# REQUIRED WORK
Reproduce, exactly and in full, the lines from the one with "FizyoYaşam Malatya ( FZT." through the one with "link porcentagem slots pp" in the data below; drop pictures.

# GIVEN DATA
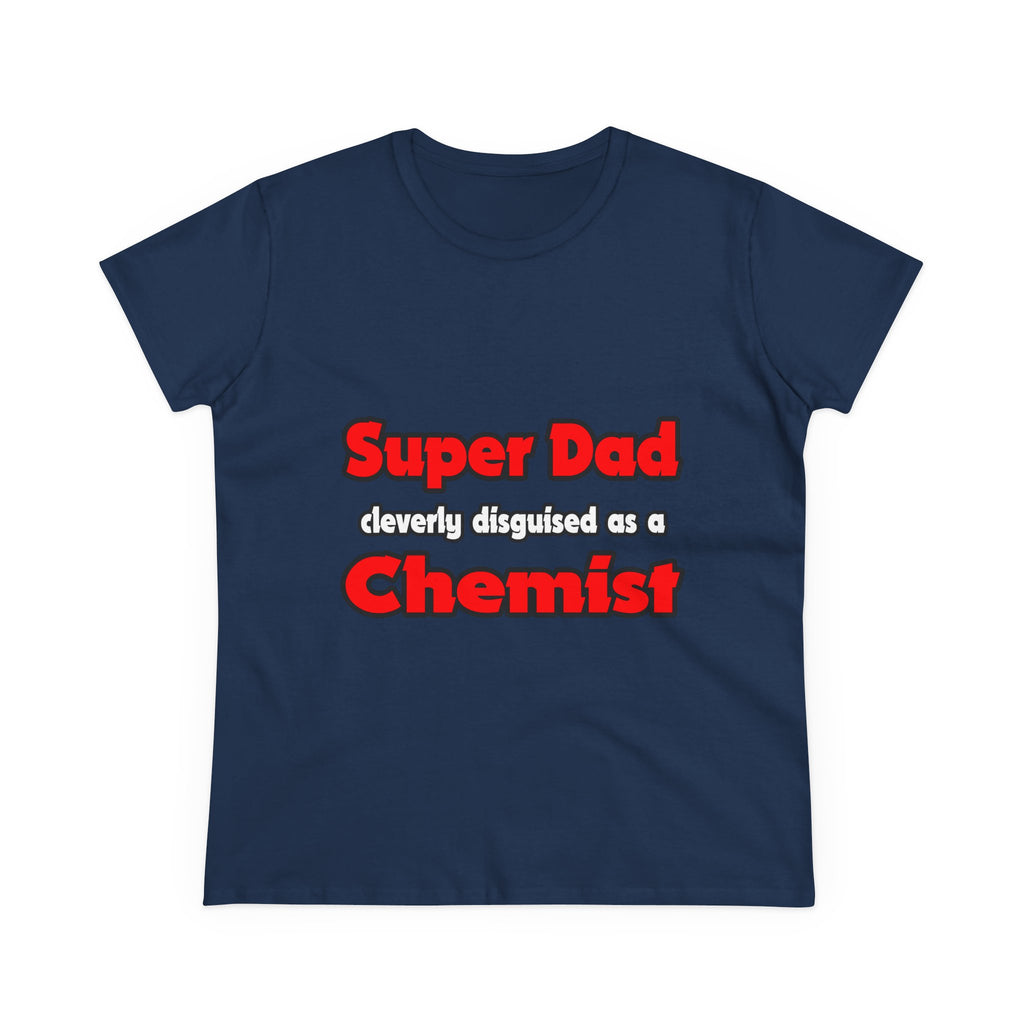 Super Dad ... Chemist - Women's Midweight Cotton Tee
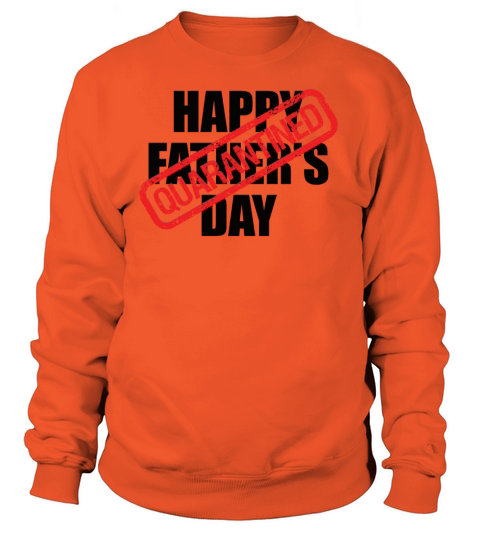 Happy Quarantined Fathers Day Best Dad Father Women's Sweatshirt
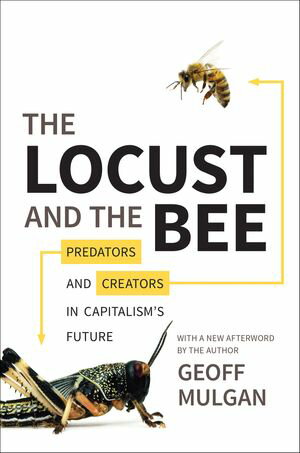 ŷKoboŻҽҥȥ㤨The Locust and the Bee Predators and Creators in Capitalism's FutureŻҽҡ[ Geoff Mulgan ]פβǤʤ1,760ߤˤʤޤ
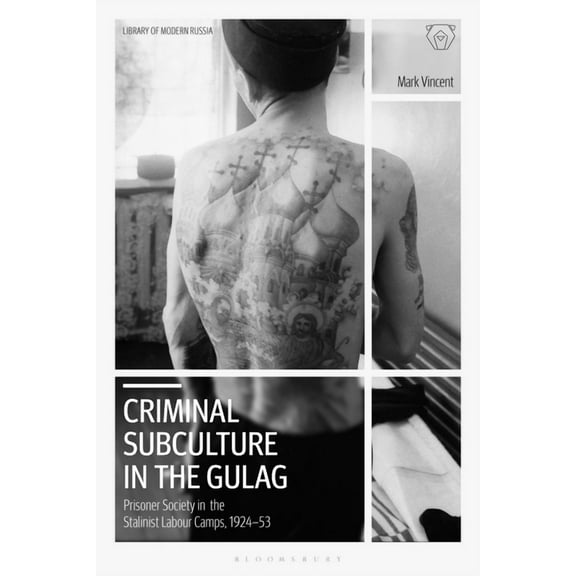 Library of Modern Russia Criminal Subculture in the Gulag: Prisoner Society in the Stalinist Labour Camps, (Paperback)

--

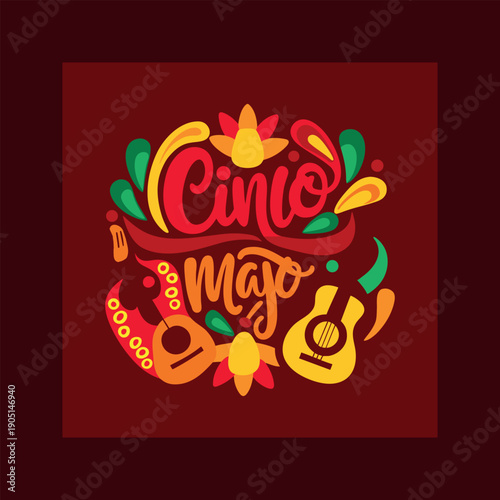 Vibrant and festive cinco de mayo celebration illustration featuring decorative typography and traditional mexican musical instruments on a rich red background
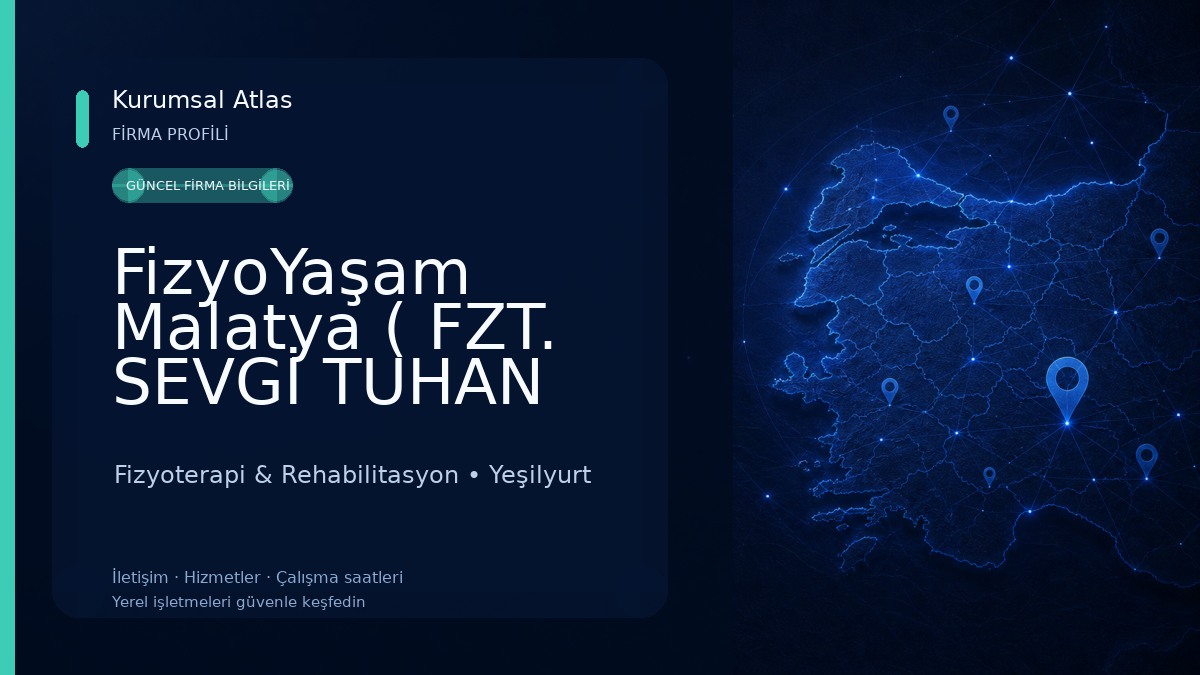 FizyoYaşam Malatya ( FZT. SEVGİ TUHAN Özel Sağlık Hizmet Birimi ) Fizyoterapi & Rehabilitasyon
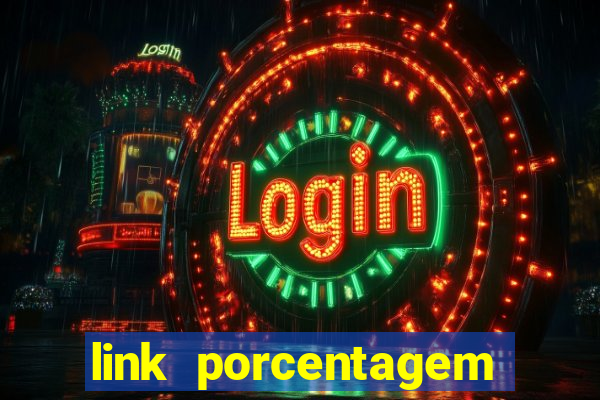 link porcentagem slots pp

# PROBLEM SOLUTION
 FizyoYaşam Malatya ( FZT. SEVGİ TUHAN Özel Sağlık Hizmet Birimi ) Fizyoterapi & Rehabilitasyon
 link porcentagem slots pp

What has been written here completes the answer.